Copy out each entry below verbatim, skipping the images.

::::::::

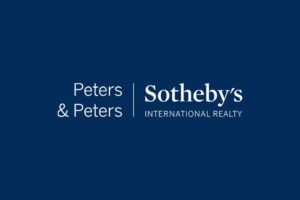 Peters & Peters Sotheby´s International Realty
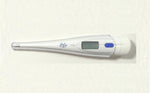 Care Line Inc Care Line Digital Thermometers 060-2210 - 72.0 Each - MDL-CLN0602210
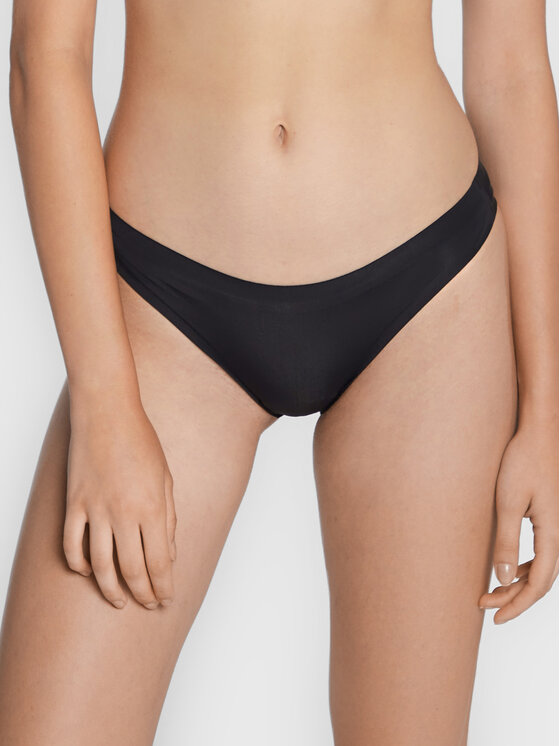 Dorina Dorina 3 db brazil alsó Mio D001688MI033 Fekete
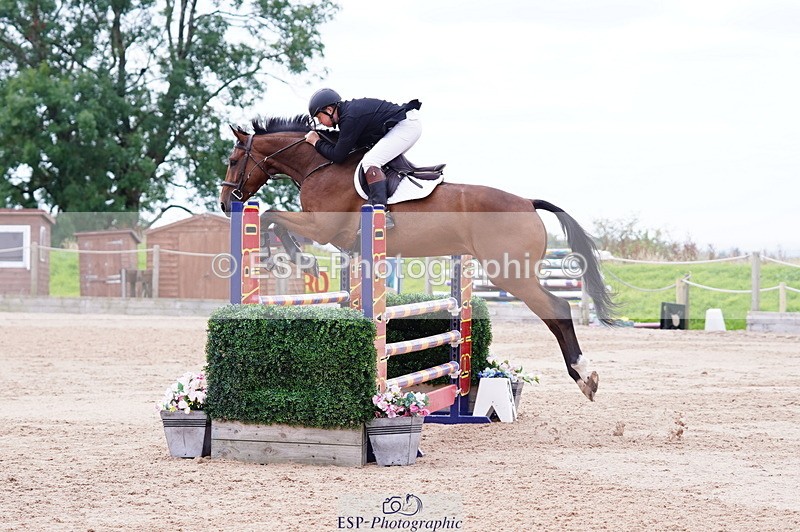 240803A-135516-08181 - Cls 31 4 Yr Old Champs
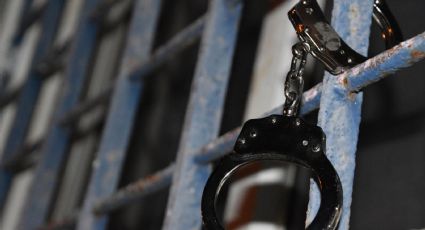 Piden que presos inocentes formen parte de la agenda judicial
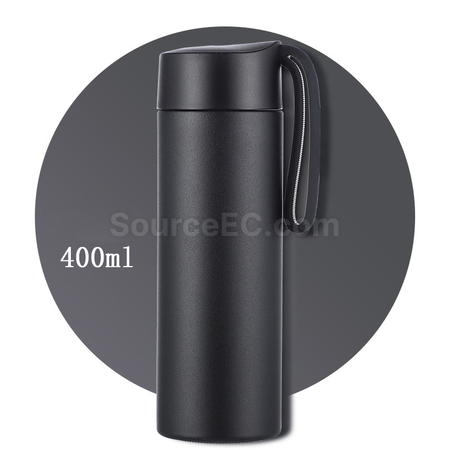 Customization Stainless Steel Mug Corporate Gifts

::::::::

Output below -
 Peters & Peters Sotheby´s International Realty
 Care Line Inc Care Line Digital Thermometers 060-2210 - 72.0 Each - MDL-CLN0602210
 Dorina Dorina 3 db brazil alsó Mio D001688MI033 Fekete
 240803A-135516-08181 - Cls 31 4 Yr Old Champs
 Piden que presos inocentes formen parte de la agenda judicial
 Customization Stainless Steel Mug Corporate Gifts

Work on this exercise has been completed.